記事冒頭に〝本邦最初のジャズ喫茶店〟とあるが、前述の「ダット」の広告を除くと、「ジャズ喫茶」という言葉が印刷されたものは、この『アサヒグラフ』の記事より前のものを筆者は見たことがない。

「テネシー」の営業時間は正午から午後11時まで、店内の広さは約45坪で席数は約140。コーヒーは1杯100円、菓子1個70円で、普通の喫茶店の2倍の値段だったという。

しかし、それまで銀座の一流ナイトクラブやチケットの高い日劇や浅草国際劇場でしか聴けなかったジャズの生演奏がコーヒー1杯で聴けるというのは、たいへんな魅力だったに違いない。

「テネシー」が開店する以前、1940年代後半から朝鮮戦争特需に沸いた50年代前半までは、日本人ジャズメンは一流ナイトクラブで大いに稼いでいた。「銀馬車」をはじめ、「モンテカルロ」「クラブチェリー」「スタークラブ」「黒バラ」など、そのほとんどは銀座に集中していた。

戦後最初のトップ・ジャズバンドだった「ゲイ・セプテット」のリーダーであり、フィリピン国籍から帰化して長らく日本ジャズ界の大御所として活躍したレイモンド・コンデによると、1949年にジョージ川口を自分の楽団のメンバーに引き抜くときにはジョージに38万円もの大金を支払ったという。

当時の大卒銀行員の初任給が3,000円程度だったから、まさにケタ違いの稼ぎぶりだ。

コンデによれば「カバンにお札三千八百枚詰めた」(前出『昭和ジャズ史』より)そうだが、奇想天外な虚言を吐くことで知られるジョージ川口と違ってこの証言の信憑性は高い。

しかし、そのコンデによると、朝鮮半島で休戦協定が結ばれ、特需景気が冷えこみはじめたころから超一流クラブは「潮の引くように生バンドをエレクトーン演奏やらに取りかえ始めていた」(『昭和ジャズ史』)という。

コーヒー1杯の廉価でジャズの生演奏が聴ける「テネシー」の登場は、このような経済情勢の変化と関係していたに違いない。

モダン・ジャズ・ブーム以前、50年代の東京のジャズ喫茶を数多く取り上げている『東京下町JAZZ通り』(一季出版)の著者の一人、林順信氏によると、「テネシー」に出演していたジャズバンドは、上田輝雄とシックス・レモンズ、池田操とリズム・キング、渡辺晋とシックス・ジョーズ、鈴木章治とリズム・エース、ジョージ川口、そして若手の西条考之介とウェストライナーズ、沢田駿吾のダブル・ビーツ、八木一夫トリオなど、女性ヴォーカルはマーサ三宅、新倉美子、丸山清子などだった。

メイン司会はいソノてルヲで、サブMCの大橋巨泉はステージでバブスキャットなどで歌うこともあったらしい。

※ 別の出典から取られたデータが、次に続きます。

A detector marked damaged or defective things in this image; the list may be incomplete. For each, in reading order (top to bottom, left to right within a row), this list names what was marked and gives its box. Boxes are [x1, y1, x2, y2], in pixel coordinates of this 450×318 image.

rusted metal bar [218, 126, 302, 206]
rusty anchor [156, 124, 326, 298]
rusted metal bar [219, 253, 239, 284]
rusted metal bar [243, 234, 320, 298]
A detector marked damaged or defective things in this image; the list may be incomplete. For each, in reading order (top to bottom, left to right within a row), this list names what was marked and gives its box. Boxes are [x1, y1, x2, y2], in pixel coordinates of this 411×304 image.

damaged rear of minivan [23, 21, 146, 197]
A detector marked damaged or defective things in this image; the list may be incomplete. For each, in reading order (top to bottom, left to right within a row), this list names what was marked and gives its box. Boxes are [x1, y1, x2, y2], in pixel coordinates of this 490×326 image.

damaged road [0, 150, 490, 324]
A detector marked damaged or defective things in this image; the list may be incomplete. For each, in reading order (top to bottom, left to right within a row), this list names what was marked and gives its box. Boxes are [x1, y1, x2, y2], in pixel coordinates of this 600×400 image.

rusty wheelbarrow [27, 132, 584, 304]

黒人客もよく来ていて、彼らは通路で踊り出したり、また来日中のドラマー、J・C・ハードが飛び入りでドラムを叩いたこともあったという。

この「テネシー」に続いて「不二家ミュージック・サロン」「ACB(アシベ)」「美松」といった生演奏を聴かせる「ジャズ喫茶」が銀座に次々とオープンする。しかし、ジャズ・バンドが人気を集めていた時期は短かく、油井正一によると1954年頃からはもう下り坂になったという。

「テネシー」や「ACB」「美松」などがふたたび脚光を浴びたのは、1958年の爆発的なロカビリーブームだった。

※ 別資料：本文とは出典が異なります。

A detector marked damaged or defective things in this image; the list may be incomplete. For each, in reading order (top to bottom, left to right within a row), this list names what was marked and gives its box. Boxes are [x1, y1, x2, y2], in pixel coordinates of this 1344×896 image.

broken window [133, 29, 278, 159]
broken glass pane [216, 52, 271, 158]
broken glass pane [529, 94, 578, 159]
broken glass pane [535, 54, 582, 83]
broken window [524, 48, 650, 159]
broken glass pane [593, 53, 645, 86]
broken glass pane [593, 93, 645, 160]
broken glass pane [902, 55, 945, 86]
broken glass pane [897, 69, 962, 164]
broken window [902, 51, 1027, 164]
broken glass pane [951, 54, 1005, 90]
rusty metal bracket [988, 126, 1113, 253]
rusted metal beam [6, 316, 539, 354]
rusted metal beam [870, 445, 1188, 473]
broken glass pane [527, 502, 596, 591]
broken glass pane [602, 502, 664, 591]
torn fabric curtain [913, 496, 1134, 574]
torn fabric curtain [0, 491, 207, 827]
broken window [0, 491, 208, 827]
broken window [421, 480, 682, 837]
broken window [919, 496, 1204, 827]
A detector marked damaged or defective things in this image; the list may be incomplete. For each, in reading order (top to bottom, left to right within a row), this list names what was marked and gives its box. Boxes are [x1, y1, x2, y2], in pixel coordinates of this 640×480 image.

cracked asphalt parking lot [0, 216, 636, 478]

平尾正晃やミッキー・カーティス、山下敬二郎、ジェリー藤尾らがこれらの店でロカビリーを演奏するようになっても「ジャズ喫茶」という呼び名が変わることはなく、50年代末から60年代にかけては、クレイジー・キャッツをはじめ、水原宏、坂本九、橋幸夫、森山加代子、和田アキ子、そしてザ・スパイダーズやザ・タイガースなどのGS(グループサウンズ)が出演し、芸能界への登竜門的なライブハウスとしての場へと変わっていった。

こうした「ジャズ喫茶」は、大阪「ナンバ一番」や京都「ベラミ」など全国各地にあり、客の大半がティーンエイジャーで風紀が乱れがちであったことから、不良の遊び場としてのジャズ喫茶のイメージが、この頃から世間一般の認識として強くなっていった。

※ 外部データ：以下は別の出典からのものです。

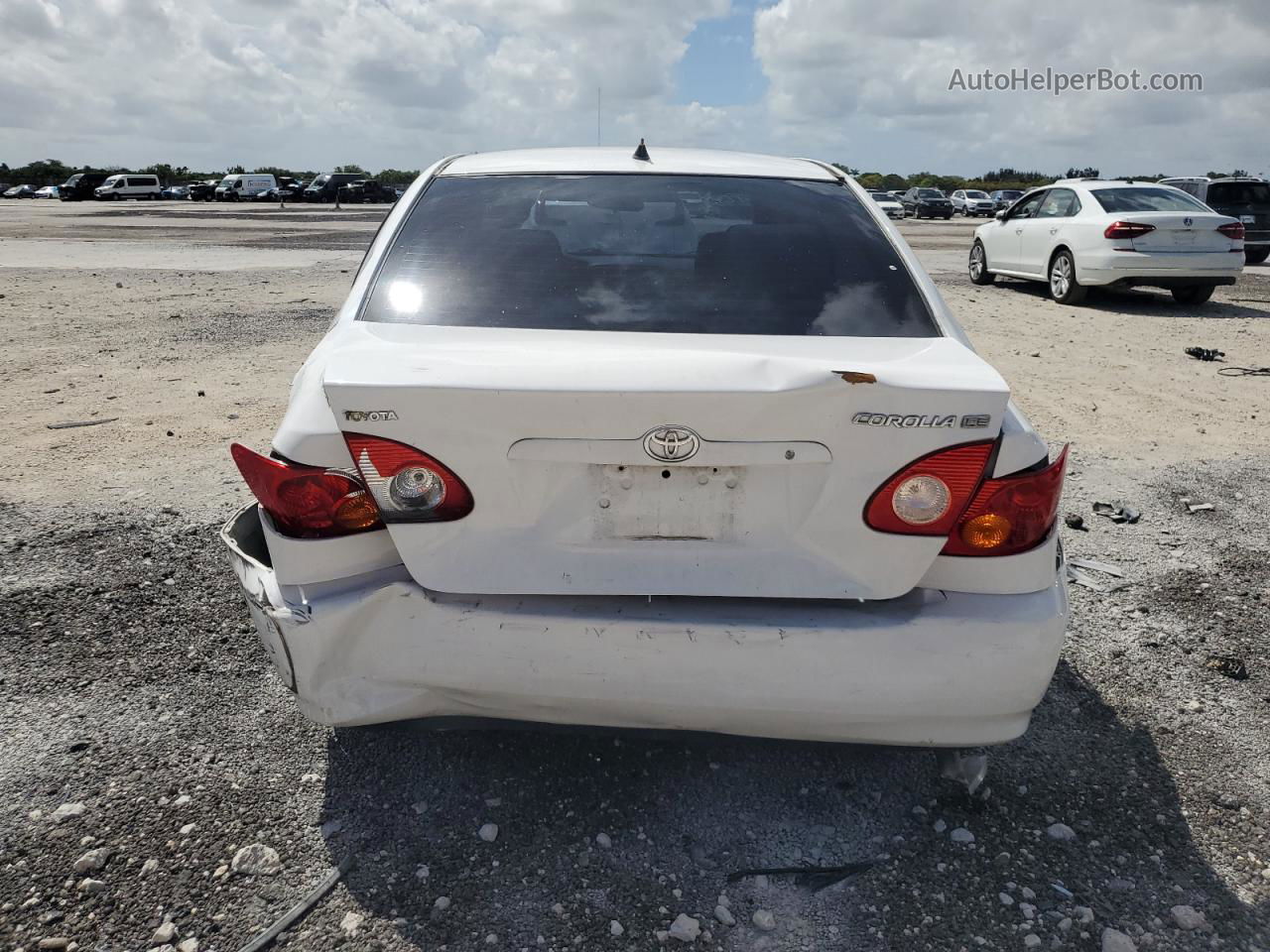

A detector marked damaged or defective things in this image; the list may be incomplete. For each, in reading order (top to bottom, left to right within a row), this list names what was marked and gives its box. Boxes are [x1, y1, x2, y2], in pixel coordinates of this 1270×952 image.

アメリカのグラフィック誌『LIFE』のインターネットサイトのギャラリーに、東京オリンピックで盛り上がる1964年、「ACB」で演奏する東京ビートルズの貴重な写真がアップされているが、ロカビリー人気から復活した「ジャズ喫茶」が、もはや創業当時のジャズを聴いて楽しむ場とはかけ離れたものに変貌している様子が見事に記録として残されている。→「Teenage Wasteland :Portaits of Japanese Youth in Revolt,1964」

「テネシー」は1964年の春に、銀座から神田小川町に移転、「テネシー・モダン・ジャズ・ルーム」と名乗り、営業形態も少し変えている。午前12時から午後5時まではモダン・ジャズのレコードをかけ、その後は夜の部として専属バンドを中心に生演奏をやっていたようだ。それがいつまで続いたのかは不明。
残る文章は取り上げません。